If you’ve lost a number plate – especially the one in our first photo – you’ll find it outside the RMA entrance!


If you’ve lost a number plate – especially the one in our first photo – you’ll find it outside the RMA entrance!
The borough council recently advertised for a new parking manager. Part of the job’s stated requirements are:
To which we say, wouldn’t it be better to look for someone who has the ability to improve Main Square car park stairwells, including getting the s**t off the walls? That doesn’t need “entrepreneurial thinking”, but it does need someone who will tackle filth.
As we’ve written so often before, if only council personnel had to use the town-centre car parks, they might appreciate how off-putting the stairs are – for visitors and residents alike. But the council offices have their own car park, of course, so their users don’t have to suffer.
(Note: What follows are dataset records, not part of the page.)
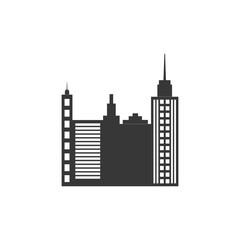 city silhouette urban building towers icon. Isolated and flat illustration. Vector graphic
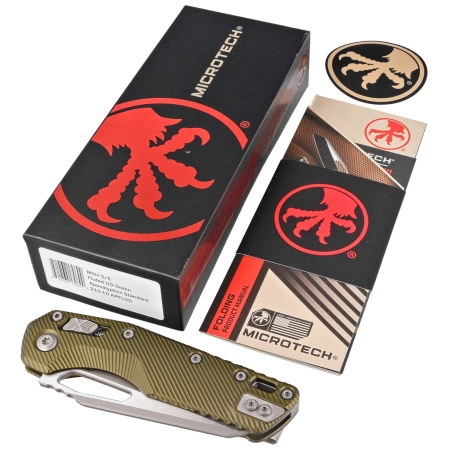 Microtech MSI S/E Knife OD Green Fluted Aluminum, Apocalyptic M390MK by Tony Marfione (210-10APFLOD)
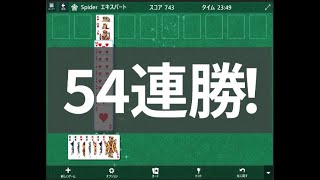 【54勝目】最難関スパイダーソリティア上級で100連勝への道  spider solitaire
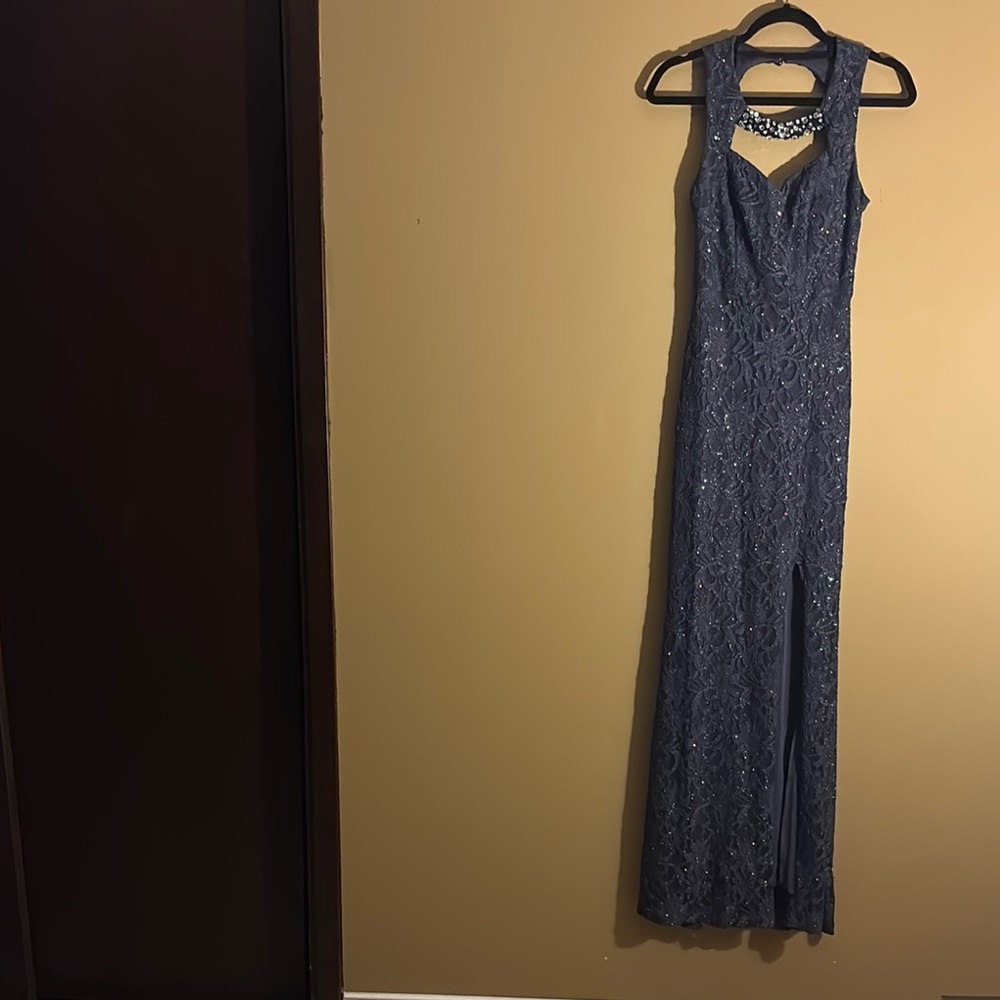 Elegant Blue Halter Backless Gown for Prom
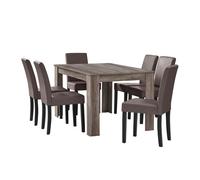 [en.casa] Conjunto de Mesa Comedor Forssa 140 x 90 x 77 cm + Set de 6 Sillas de Polipiel 90 x 42 x 48 cm Juego de Meubles de Comedor MDF - Roble Antiguo + Marrón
The borough council recently reported that the post supporting one of the barriers across the entrance to the High Street had been pulled out on Wednesday night. We went and had a look at the aftermath. The post hadn’t been pulled out, but its support had broken off. What looked like a substantial circular post is actually just a thin metal tube which seems to have only penetrated the ground an inch or so. The real support came from a square cross-section steel post inside the tube. And it’s pretty obvious that most of the steel post was broken quite a while ago – much of the break is very rusty, and only a fraction of it is shiny, consistent with a recent failure. We guess that the support was almost completely snapped when the barrier was hit a few years ago, and that it would have taken relatively little to finish the job.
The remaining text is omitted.